“Are you saved?”
Did you ever hear that question growing up, perhaps within the cultural frame of evangelicalism?
The question, as it is phrased above, sounds dated. There are more current ways of asking and some new expressions of church make the question friendlier, but maintain the same theological posture. The question, of course, implies that the starting point, the assumed position of everybody, everywhere, is damnation, some terrible fate that requires rescue.
Maybe you heard it as, “When were you saved?”
When it is asked this way, it assumes another theological, religious interpretation. Namely, the idea that salvation is punctiliar. What that means, basically, is that salvation is something that happens in a moment. One moment you are damned, or at least not saved, and the next moment, you are saved.
This way of thinking of salvation draws many lines. Some are lines in time, some are lines between people, the saved and the un-saved. A red flag should be raised about any theological idea around salvation that says the saved are “US”. That is, if you ask someone who presents such clear lines around ideas of salvation who is saved and they reply with some form of “All of the people who believe just what I believe”, then there is a fairly decent chance that they are in the business of sales, at least as much as they might be in the work of faith.
My Christian faith matters to me. In fact, my Christian faith has been more influential than anything else in how I see myself, the world, other people, and the nature of time. If someone approached me and asked, “Are you saved?” I would say yes, but I would have some questions of my own to ask back.
Why have we so often ceded the conversation around salvation to the people who act as if they know for sure, without question, the nature of salvation, even to the point of knowing who is saved and who is not?
Will Willimon, well-known Christian leader, preacher, professor, has said that the best question is not “Are you saved?” but rather, “Who does the saving?” In other words, rigid, triumphalist, overly certain concepts of salvation often treat salvation as something that is attained, acquired by an act of the person who is saved. Thus, Jesus becomes a means to an end.
Willimon’s question “Who does the saving?” helps remind us that any Christian concept of salvation is more about Jesus than it is about us. Salvation, whatever its nature and scope, is “in Christ”.

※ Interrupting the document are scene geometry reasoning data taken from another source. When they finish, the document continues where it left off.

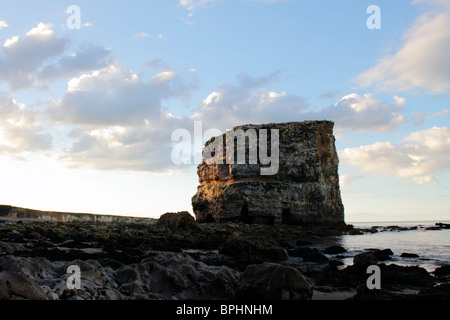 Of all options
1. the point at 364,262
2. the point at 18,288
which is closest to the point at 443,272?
the point at 364,262

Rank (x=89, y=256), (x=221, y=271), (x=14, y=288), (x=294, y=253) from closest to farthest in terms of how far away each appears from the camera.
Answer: (x=14, y=288)
(x=221, y=271)
(x=89, y=256)
(x=294, y=253)

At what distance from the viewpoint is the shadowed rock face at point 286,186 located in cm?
4662

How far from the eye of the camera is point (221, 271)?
26.3 feet

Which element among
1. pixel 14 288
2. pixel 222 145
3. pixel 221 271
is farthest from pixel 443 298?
pixel 222 145

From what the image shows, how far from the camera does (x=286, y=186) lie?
48.3 metres

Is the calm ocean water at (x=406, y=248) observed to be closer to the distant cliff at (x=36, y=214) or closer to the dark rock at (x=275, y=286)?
the dark rock at (x=275, y=286)

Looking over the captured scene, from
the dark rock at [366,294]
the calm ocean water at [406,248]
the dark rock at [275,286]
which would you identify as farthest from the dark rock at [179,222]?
the dark rock at [366,294]

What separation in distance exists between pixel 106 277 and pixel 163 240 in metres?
12.0

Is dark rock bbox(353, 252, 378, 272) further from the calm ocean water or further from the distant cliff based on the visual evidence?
the distant cliff

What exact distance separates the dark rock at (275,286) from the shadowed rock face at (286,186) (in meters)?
39.1

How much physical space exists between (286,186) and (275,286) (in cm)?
4209

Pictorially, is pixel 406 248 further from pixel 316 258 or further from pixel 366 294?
pixel 366 294

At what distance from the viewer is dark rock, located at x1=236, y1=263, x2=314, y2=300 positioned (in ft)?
22.2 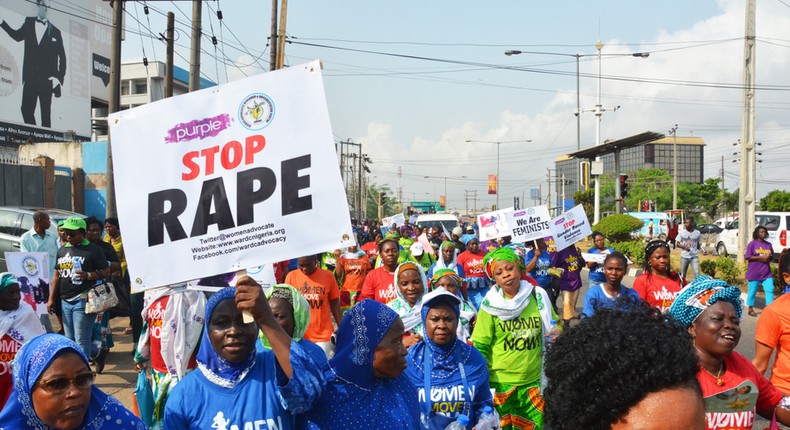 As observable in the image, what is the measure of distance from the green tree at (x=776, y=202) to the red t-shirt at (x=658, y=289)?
4366 centimetres

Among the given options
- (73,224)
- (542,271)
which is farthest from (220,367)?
(542,271)

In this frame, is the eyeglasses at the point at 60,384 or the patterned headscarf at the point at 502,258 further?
the patterned headscarf at the point at 502,258

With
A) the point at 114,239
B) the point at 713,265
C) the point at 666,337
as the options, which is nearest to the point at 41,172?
the point at 114,239

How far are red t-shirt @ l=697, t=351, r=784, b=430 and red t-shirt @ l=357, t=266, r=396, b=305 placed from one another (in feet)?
14.4

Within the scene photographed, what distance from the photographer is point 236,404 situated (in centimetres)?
288

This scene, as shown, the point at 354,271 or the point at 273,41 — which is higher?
the point at 273,41

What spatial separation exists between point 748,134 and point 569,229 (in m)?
9.54

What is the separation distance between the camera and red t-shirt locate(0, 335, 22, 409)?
449 cm

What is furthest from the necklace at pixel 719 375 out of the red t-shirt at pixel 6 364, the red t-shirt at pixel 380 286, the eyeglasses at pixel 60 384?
the red t-shirt at pixel 380 286

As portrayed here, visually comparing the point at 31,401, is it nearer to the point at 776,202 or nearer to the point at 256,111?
the point at 256,111

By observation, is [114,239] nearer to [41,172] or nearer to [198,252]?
[198,252]

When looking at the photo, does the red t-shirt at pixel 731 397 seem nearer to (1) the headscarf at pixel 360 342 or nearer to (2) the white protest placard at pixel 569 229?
(1) the headscarf at pixel 360 342

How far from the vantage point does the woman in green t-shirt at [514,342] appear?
482 cm

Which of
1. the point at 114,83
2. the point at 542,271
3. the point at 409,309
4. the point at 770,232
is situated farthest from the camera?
the point at 770,232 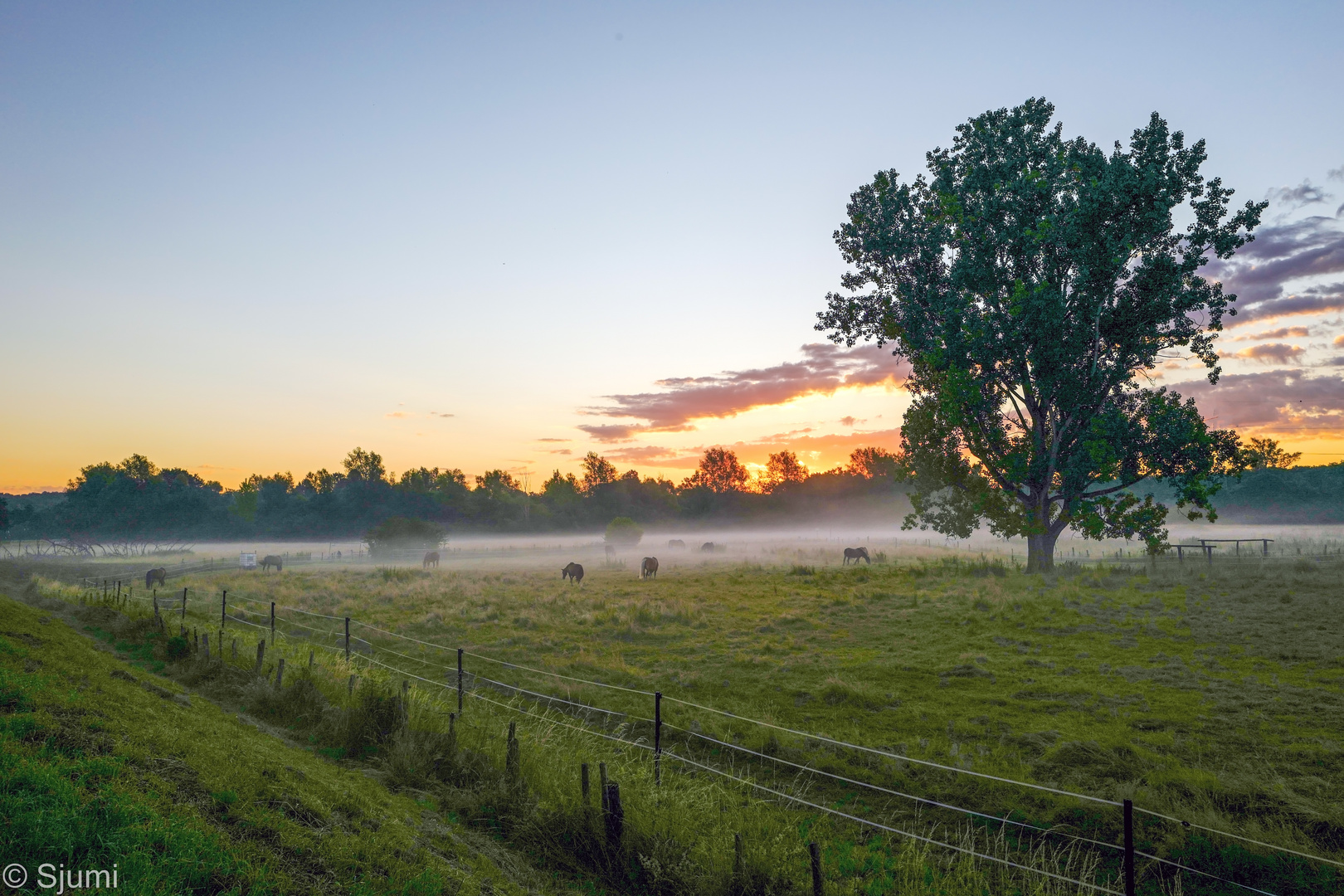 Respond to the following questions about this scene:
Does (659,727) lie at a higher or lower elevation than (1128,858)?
lower

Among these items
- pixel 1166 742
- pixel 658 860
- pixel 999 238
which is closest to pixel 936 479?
pixel 999 238

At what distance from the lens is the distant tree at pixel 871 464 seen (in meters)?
154

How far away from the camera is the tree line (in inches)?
4564

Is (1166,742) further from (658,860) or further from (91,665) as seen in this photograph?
(91,665)

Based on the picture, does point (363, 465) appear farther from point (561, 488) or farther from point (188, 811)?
point (188, 811)

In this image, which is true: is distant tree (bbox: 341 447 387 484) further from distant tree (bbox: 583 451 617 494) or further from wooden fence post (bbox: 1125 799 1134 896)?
wooden fence post (bbox: 1125 799 1134 896)

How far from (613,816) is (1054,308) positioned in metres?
28.9

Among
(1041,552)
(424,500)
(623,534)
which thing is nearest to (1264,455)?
(1041,552)

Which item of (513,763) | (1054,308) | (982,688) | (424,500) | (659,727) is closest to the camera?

Karl Barth, when asked “When were you saved?” famously replied by not answering directly. When pressed for a day, a month, a year, the only time he mentioned was when Jesus gave his life at Golgotha.
Hopeful Christian faith calls us to expansive, evocative consideration of salvation. The word often used for salvation in the New Testament means “healing” and it pertains to healing of the world, the cosmos, more than simply the rescue of an individual.
What does it mean that salvation is “in Christ”?
This is a question worth asking.
I was pondering the nature of salvation recently when reading the early part of a book by Hartmut Rosa called Social Acceleration. The book presents a sociological theory about how the speed of the world has impacted our sense of meaning and our understanding of humanity and the good life.
Early on, there is a note that I saw in relation to salvation.
In rigid religious understanding, salvation and eternal life were the purview of the church. Church leaders, whether ordained and robed or proudly non-ordained and evangelical, determined who was saved and who was not. Salvation, in other words, could be carried as a threat. You might live in fear that you are not saved in the estimation of those in charge.
Rosa’s writing points to the cultural promise of acceleration within secular understanding. As society moved away from rigid religious structures towards more secular understanding, what replaced the salvation offered by the church was a kind of salvation by way of experience. That is, many people now think that a fulfilled life is a “filled full life”.
“The more we accelerate our ability to go to different places, see new things, try new foods, embrace various forms of spirituality, learn new activities, share sensual pleasures with others, experience different forms of art - the closer we come to having a truly ‘fulfilled’ life.”
From the book, Social Acceleration
For what it’s worth, I feel a kind of hopelessness in both models of fulfilment and salvation, in the terror and dividing up view of fearful religious models, and in the gathering up of experiences pressure of recent life and culture.
I feel something very different than both of these in hopeful faith in Jesus. My faith in Jesus does not separate me from those who are “not saved” as if I am in and they are out. My faith instead moves me towards people as I see Jesus himself moving towards ALL of us in incarnation.
My faith in Jesus also frees me from the insistent call, the impossible demand that I will know fulfillment in life by experiencing as much as possible.
I move to prayer again;
Dear Jesus, grant me faith and wisdom to hear again your words;
“Come to me, all you who are weary and heavy laden, and I will give you rest for your soul.”